The private marker or intermediate character should be stored for later use in selecting a control function to be executed when a final character arrives. X3.64 doesn’t place any limit on the number of intermediate characters allowed before a final character, although it doesn’t define any control sequences with more than one. Digital defined escape sequences with two intermediate characters, and control sequences and device control strings with one. If more than two intermediate characters arrive, the parser can just flag this so that the dispatch can be turned into a null operation.

param

This action collects the characters of a parameter string for a control sequence or device control sequence and builds a list of parameters. The characters processed by this action are the digits 0-9 (codes 30-39) and the semicolon (code 3B). The semicolon separates parameters. There is no limit to the number of characters in a parameter string, although a maximum of 16 parameters need be stored. If more than 16 parameters arrive, all the extra parameters are silently ignored.

The VT500 Programmer Information is inconsistent regarding the maximum value that a parameter can take. In section 4.3.3.2 of EK-VT520-RM it says that “any parameter greater than 9999 (decimal) is set to 9999 (decimal)”. However, in the description of DECSR (Secure Reset), its parameter is allowed to range from 0 to 16383. Because individual control functions need to make sure that numeric parameters are within specific limits, the supported maximum is not critical, but it must be at least 16383.

Most control functions support default values for their parameters. The default value for a parameter is given by either leaving the parameter blank, or specifying a value of zero. Judging by previous threads on the newsgroup comp.terminals, this causes some confusion, with the occasional assertion that zero is the default parameter value for control functions. This is not the case: many control functions have a default value of 1, one (GSM) has a default value of 100, and some have no default. However, in all cases the default value is represented by either zero or a blank value.

In the standard ECMA-48, which can be considered X3.64’s successor², there is a distinction between a parameter with an empty value (representing the default value), and one that has the value zero. There used to be a mode, ZDM (Zero Default Mode), in which the two cases were treated identically, but that is now deprecated in the fifth edition (1991). Although a VT500 parser needs to treat both empty and zero parameters as representing the default, it is worth considering future extensions by distinguishing them internally.

esc_dispatch

The final character of an escape sequence has arrived, so determined the control function to be executed from the intermediate character(s) and final character, and execute it. The intermediate characters are available because collect stored them as they arrived.

csi_dispatch

A final character has arrived, so determine the control function to be executed from private marker, intermediate character(s) and final character, and execute it, passing in the parameter list.

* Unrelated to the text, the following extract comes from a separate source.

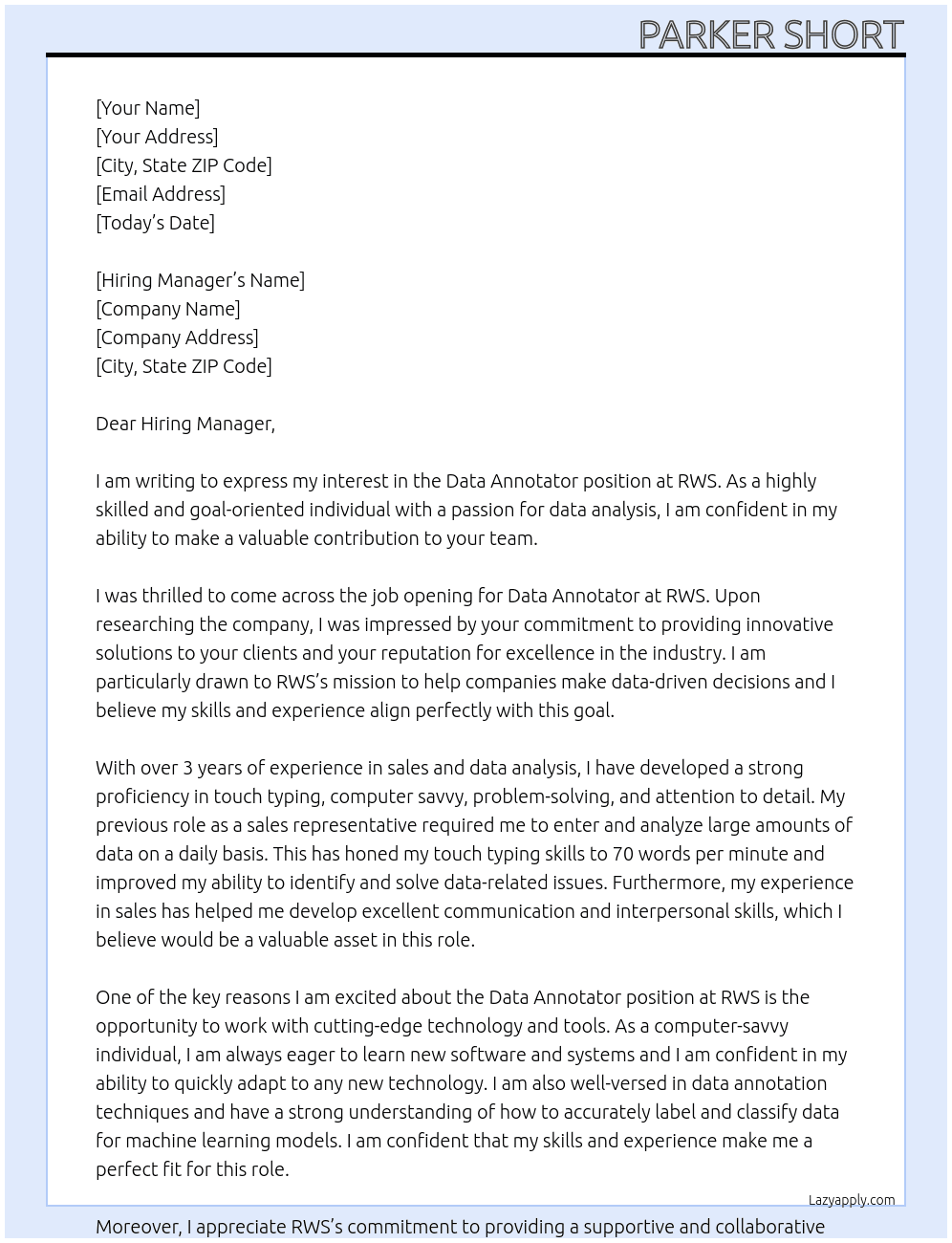 Data Annotator At RWS Cover Letter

The private marker and intermediate characters are available because collect stored them as they arrived.

Digital mostly used private markers to extend the parameters of existing X3.64-defined control functions, while keeping a similar meaning. A few examples are shown in the table below.

No Private Marker With Private Marker
SM, Set ANSI Modes SM, Set Digital Private Modes
ED, Erase in Display DECSED, Selective Erase in Display
CPR, Cursor Position Report DECXCPR, Extended Cursor Position Report

In the cases above, csi_dispatch needn’t know about the private marker at all, as long as it is passed along to the control function when it is executed. However, the VT500 has a single case where the use of a private marker selects an entirely different control function (DECSTBM, Set Top and Bottom Margins and DECPCTERM, Enter/Exit PCTerm or Scancode Mode), so this action needs to use the private marker in its choice. xterm takes the same approach for efficiency, even though it doesn’t support DECPCTERM.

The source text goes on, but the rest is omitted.